Estimated capture of seabirds in New Zealand trawl and longline fisheries, 2002–03 to 2008–09

Citation

Abraham, E. R., & Thompson, F. N. (2011). Estimated capture of seabirds in New Zealand trawl and longline fisheries, 2002–03 to 2008–09. New Zealand Aquatic Environment and Biodiversity Report No. 79. 74 p.

Summary

Seabirds are caught during commercial fishing, most frequently by being hooked during longlining, caught in trawl nets, or struck by trawl warps. In order to understand the impact of fishing on seabird species, estimates of the total mortality from fishing activity must be obtained. In New Zealand commercial fisheries, government observers are present on some vessels, and they record any captures of seabirds and other protected species that occur.

Generalized linear models were used to estimate total captures of seabirds by trawl and longline methods from the observer data. Captures were estimated for trawl, bottom longline, and surface longline fisheries, for the 2002–03 to 2008—09 fishing years (with some models extending back to 1998—99). The estimates were for fishing within the outer boundary of New Zealand Exclusive Economic Zone (EEZ). Statistical models were built of captures of five species groups: white-capped albatross (Thalassarche steadi), sooty shearwater (Puffinus griseus), white-chinned petrel (Procellaria aequinoctialis), other albatross species, and other birds. The models were fitted using Bayesian methods, with the captures represented as samples from a negative binomial distribution.

The total number of seabirds that were estimated to have been caught within New Zealand waters during the 2008—09 fishing year was 3224 (95% c.i.: 2520 to 4412). Of the total estimated captures, 27.5% were albatross species, with the remainder being petrels and shearwaters. The estimate of seabird captures includes captures in all surface longline fishing, in all trawl fishing other than fishing targeting inshore species, in large-vessel (over 34 m long) bottom longline fisheries, and in small vessel bottom longline fisheries targeting snapper in the northern area (FMA1). Observer coverage in the other trawl and longline fisheries was too low to allow for seabird bycatch estimates to be made.

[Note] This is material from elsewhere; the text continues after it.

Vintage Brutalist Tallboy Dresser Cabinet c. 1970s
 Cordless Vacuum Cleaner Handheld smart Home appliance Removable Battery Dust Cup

There were 1544 (95% c.i.: 1294 to 1892) estimated seabird captures in offshore trawl fisheries, 591 (95% c.i.: 351 to 987) estimated captures in surface longline fisheries, and 1088 (95% c.i.: 559 to 2719) estimated captures in the bottom longline fisheries for which estimates were made. Of the five species groups used for the modelling, the other birds and other albatross groups had the highest number of estimated captures during 2008—09 (mean estimates of 1207 and 618 captures, respectively). In this year there were also mean estimated captures of 528 sooty shearwaters, 269 white-capped albatrosses, and 601 white-chinned petrels. The results from the estimation were broadly comparable with results from other projects that have estimated seabird bycatch in New Zealand fisheries. An exception was with seabird captures in large-vessel bottom longline fisheries: in this fishery observer coverage has been biased to vessels that use integrated weight lines. Estimation methods that do not take this into account tend to underestimate seabird bycatch in this fishery. Improving observer coverage of the vessels that do not use integrated longline would reduce the uncertainty in the estimates of seabird bycatch in bottom longline fisheries.

Across all included fisheries, there was a significant decrease in the total number of birds caught between 2002—03 and 2008—09, with the total number of captures falling by 47.6% between the 2002—03 and 2008—09 fishing years. This fall was associated with declines in effort in trawl, bottom longline, and surface longline fisheries. Estimated seabird captures increased by 29.3% between 2007—08 and 2008—09. This increase occurred for a range of seabird species, in a range of different fisheries, despite an ongoing decline in the effort. The reasons for this increase are unclear.

The statistical modelling gives insight into the performance of mitigation measures during routine fishing. In large-vessel bottom longline fisheries, the use of integrated weight line was associated with a reduction in the white-chinned petrel capture rate by 87.2% (95% c.i.: 40.6 to 97.6). In 2008—09, only 39% of the effort by large bottom-longline vessels was carried out using integrated weight line. In the squid fishery, the capture rate of white-capped albatross fell to 47.1% (95% c.i.: 20.9 to 98.8) of what it was before the introduction of mandatory warp mitigation in January 2006. The statistical models also showed that seabirds are more likely to be caught in surface longline fisheries during nights close to full moon, than on other nights. Specifically, other albatrosses and other birds were each over 3 times more likely to be caught in surface longline fisheries when the illumination of the moon’s disk was more than 90%.

The estimation was based on observer data, and the resulting estimates may be interpreted as the number of captures that would have been reported if there were observers on every vessel. No allowance was made for under-reporting (caused by observers not being able to monitor all fishing activity during observed trips), or cryptic fatalities (caused by birds being killed by the fishing activity, but without the body being brought on board the vessel). In this report, the population consequences of fishing-related seabird fatalities were not considered.